One of the biggest legal threats to former President Donald Trump since he left office has been an ongoing criminal investigation in Georgia. That danger only increased Tuesday when a slew of subpoenas for Trump allies for testimony before a special grand jury were made public.
The courts late last month granted Fulton County District Attorney Fani Willis’ request to subpoena eight witnesses to Trump’s attempts to reverse the results of the 2020 presidential election in Georgia. Six of those eight subpoenas target lawyers who worked with the Trump campaign, the former president himself or both. Tellingly, all of them began their connections with the campaign only after Election Day and Trump’s apparent loss to Joe Biden. All but one, that is: Rudy Giuliani.
According to testimony given to the House Jan. 6 committee, it was an allegedly inebriated Giuliani who urged Trump to go out and declare that he’d won on election night, even as the results were still being tallied. It was Giuliani who ran point on the many failed court cases seeking to invalidate the election in multiple states. And it was Giuliani who coordinated a group of fake electors to cast votes for Trump in the hope of getting Congress, state legislatures or both to invalidate Biden’s win.
There’s already ample evidence from the Jan. 6 committee’s public hearings that Trump likely solicited election fraud in Georgia. Much of that effort was undertaken with the help of Giuliani and the legal team he wrangled into place. It’s fitting that the same band of misfits is now poised to help prosecutors in Georgia make the case that Trump’s bid to remain in power broke state law.
Georgia was one of the main targets of Trump’s wrath after the election and a prime subject for conspiracy theories about election fraud.

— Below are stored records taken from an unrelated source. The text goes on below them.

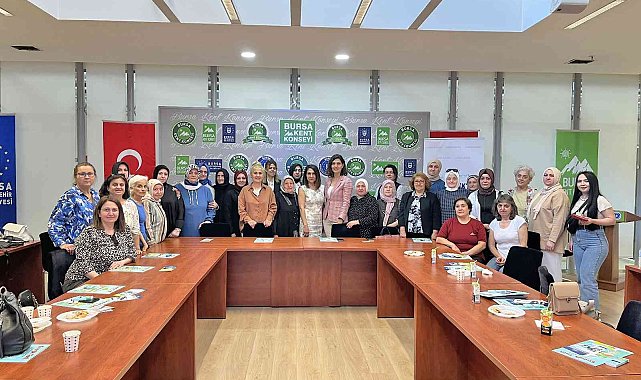 Enerji timi, kadın kooperatiflerine tasarrufu anlattı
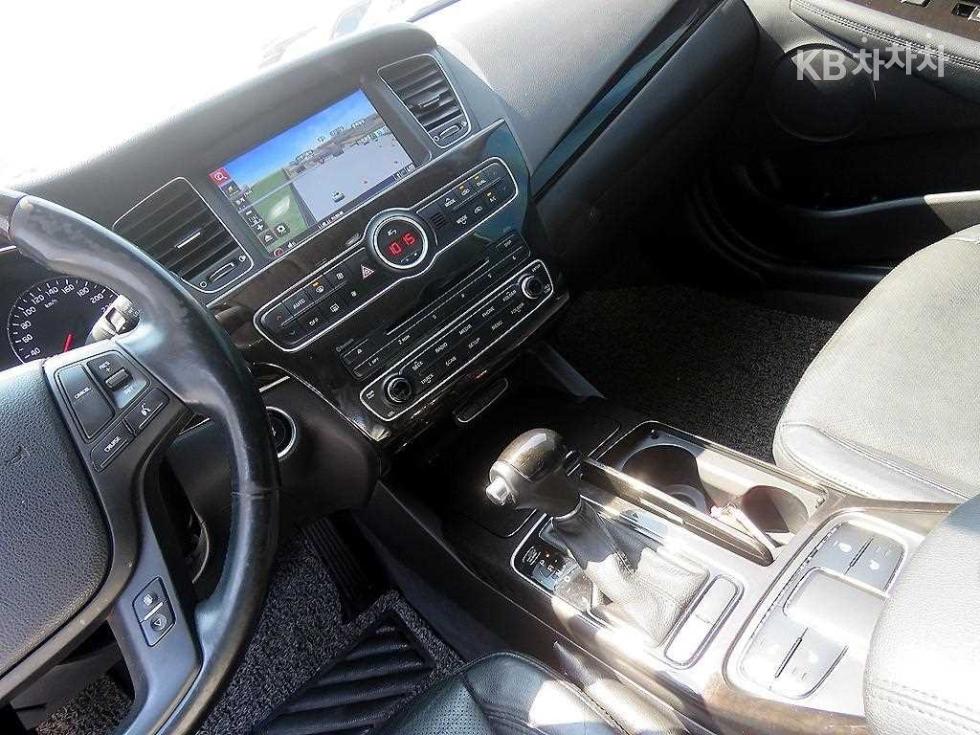 2013 - kia k7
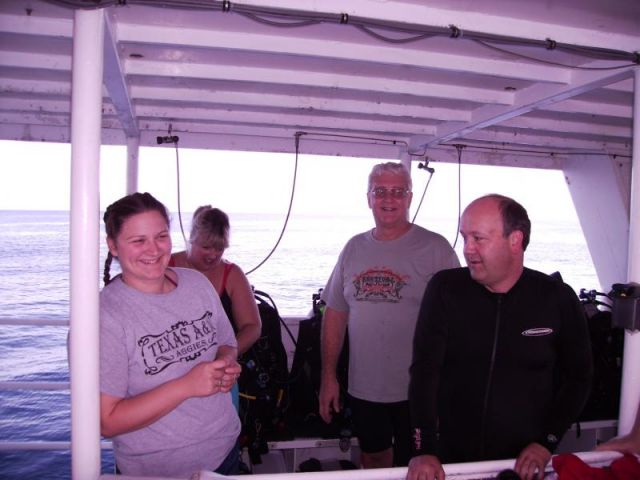Erika, Barb, Bill & Terry ready for dive briefing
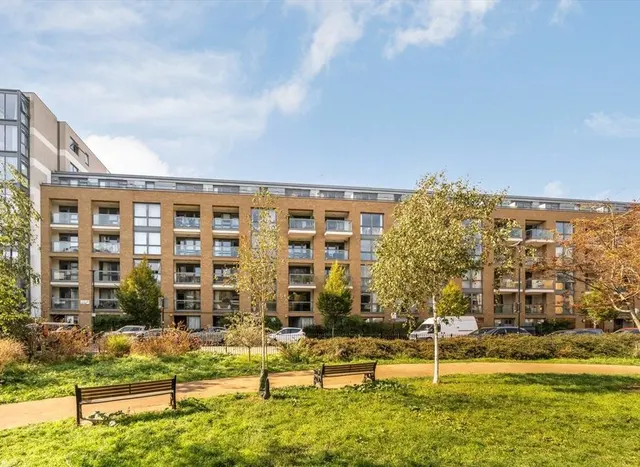 Canalside Square, Islington, N1, photo 1
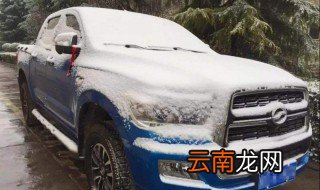 为什么我的车在冬季冷启动时响声特别大 冷启动时响声大的常见原因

Giuliani himself helped spread one such rumor in an appearance before the Georgia Senate on Dec. 3, 2020, alongside fellow campaign lawyers Jacki Deason and Jenna Ellis. As the court order documented, Giuliani showed the senators “a video recording of election workers at State Farm Arena in Atlanta that purported to show election workers producing ‘suitcases’ of unlawful ballots from unknown sources, outside the view of election poll watchers.”

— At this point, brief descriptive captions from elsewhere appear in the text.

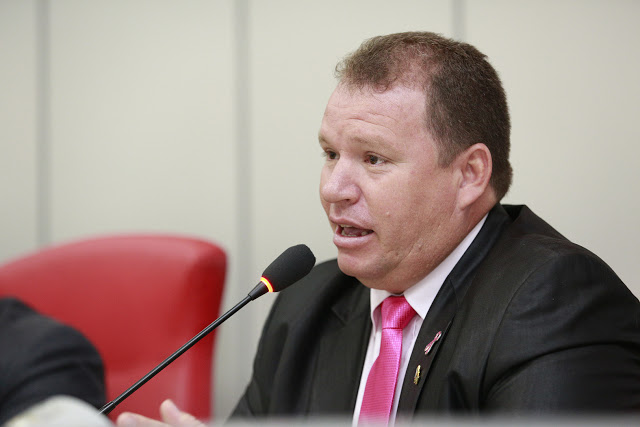 Dr. Neidson propõe audiência pública para debater problemas apresentados por pacientes renais crônicos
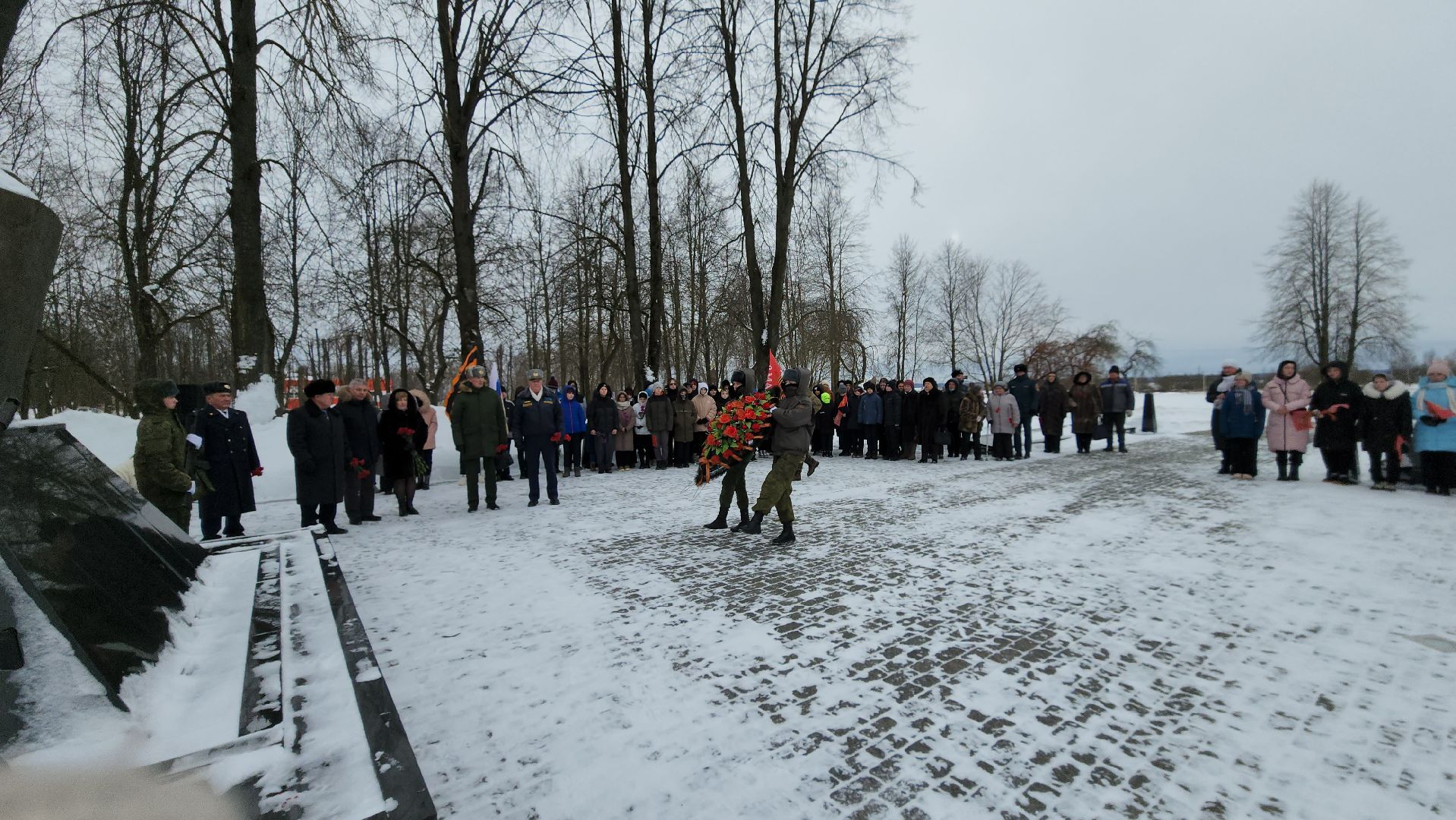 волоколамск, ярополец, кремлевские курсанты, воины, память, памятник, мемориал, день освобождения,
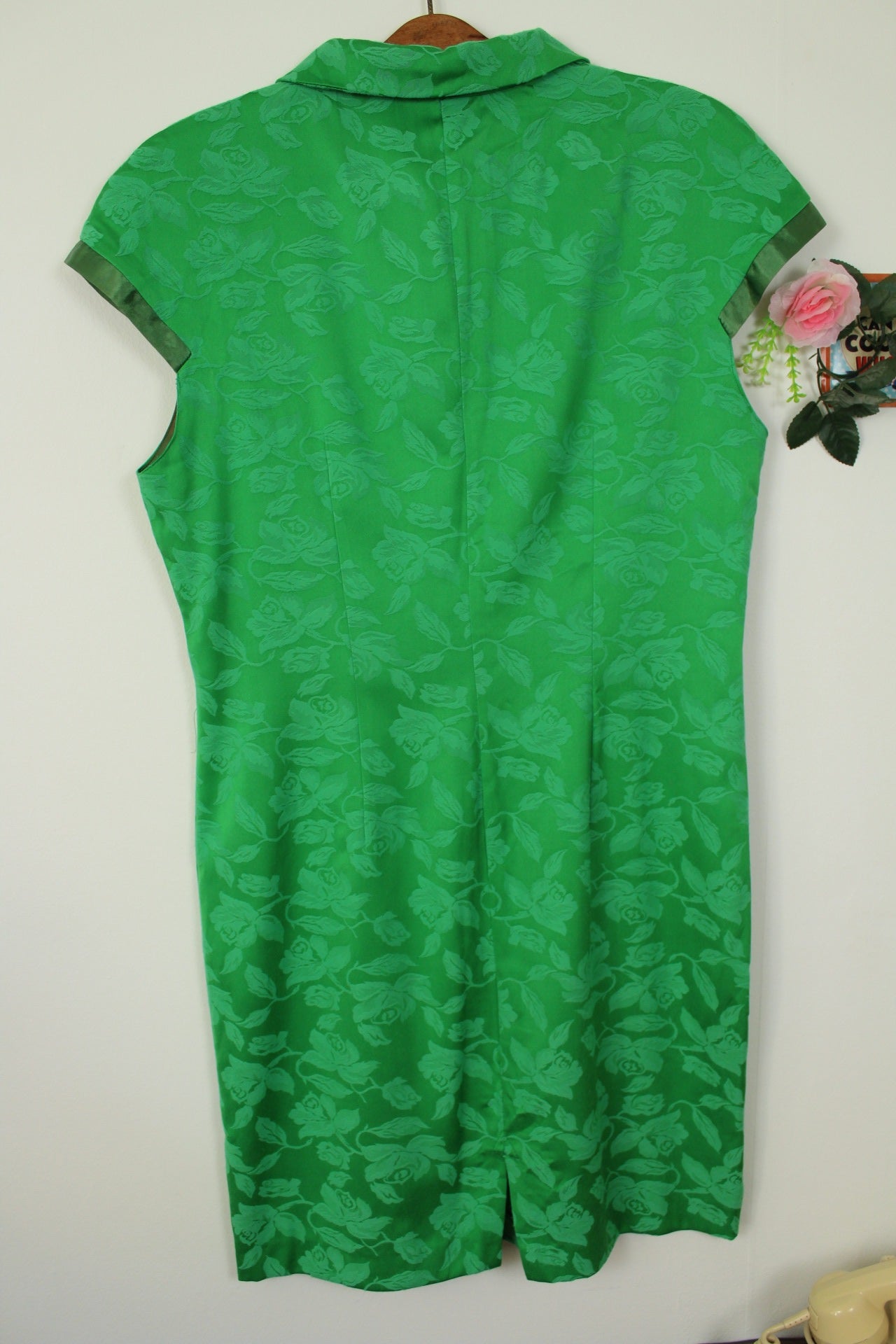 🌸🍒Robe vintage 80/90s romantique vert satiné & roses ton sur ton - Taille 40🍒🌸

As the subpoena for Deason notes, she “personally presented and narrated selected portions of the State Farm video to members of the Georgia State Senate.” That video was quickly debunked, but Deason, Giuliani and Ellis continued to spread that rumor, despite the harm it caused poll worker Shaye Moss and her mother, Ruby Freeman. (Moss testified about her experience at the House Jan. 6 committee’s hearing on the Trump campaign’s state pressure campaign last month, which Freeman also attended.)

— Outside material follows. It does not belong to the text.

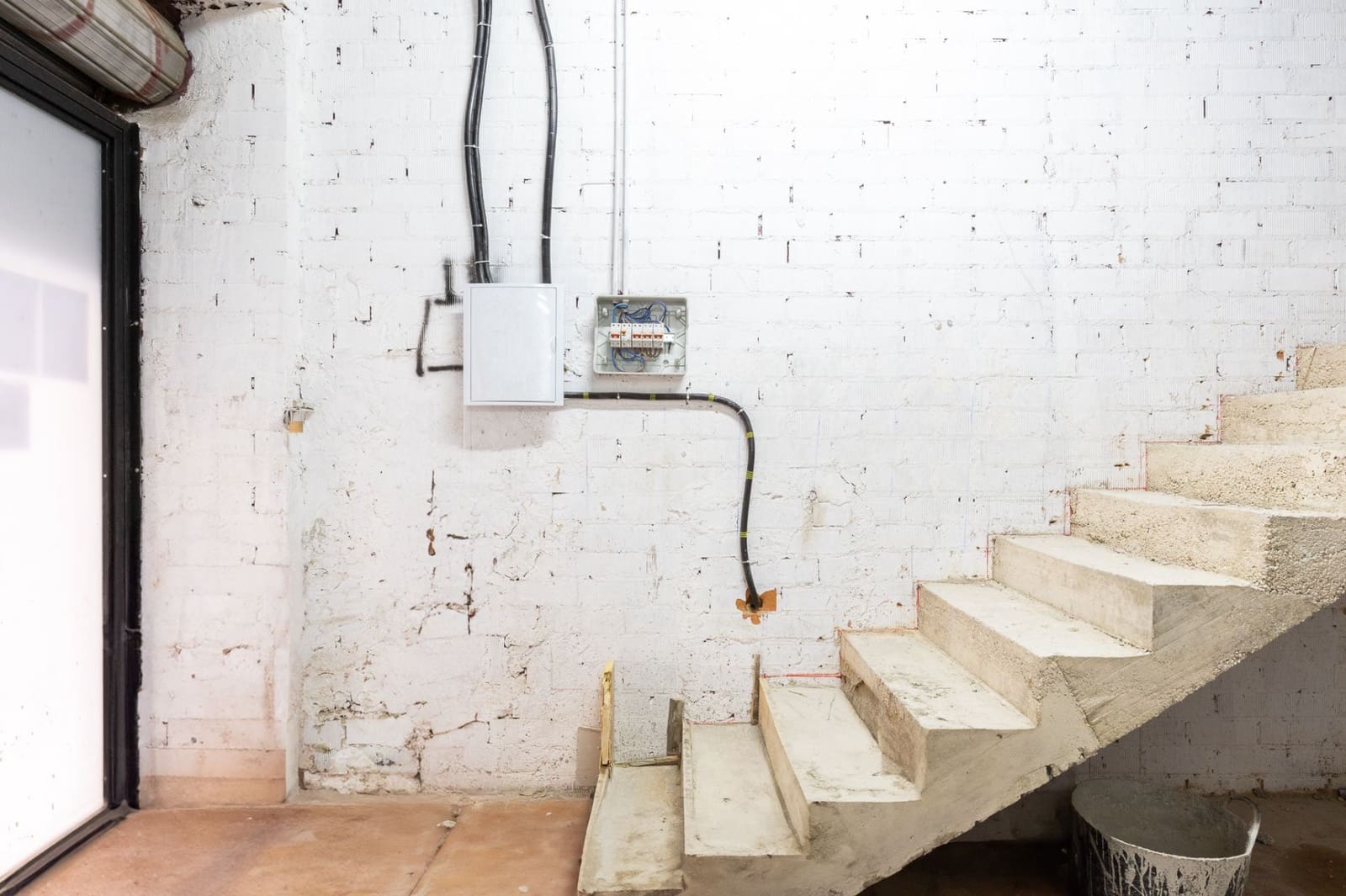 Kommersiell til salgs i Valencia by - € 700 000 (Ref: 9430801)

The court ruled in issuing subpoenas to the three Trump campaign staffers that there is “evidence that the Witness’s appearance and testimony at the hearing was part of a multi-state, coordinated plan by the Trump Campaign to influence the results of the November 2020 election in Georgia and elsewhere.”
Lawyers Cleta Mitchell and John Eastman were also ordered to testify about their behind-the-scenes work on Trump’s post-election plotting. Mitchell could be heard in the room with Trump during his now-infamous phone call with Georgia Secretary of State Brad Raffensperger. She’s now being compelled to testify about her work in Georgia before that exchange, when Trump cajoled Raffensperger to simply “find 11,780 votes” needed for him to win the state.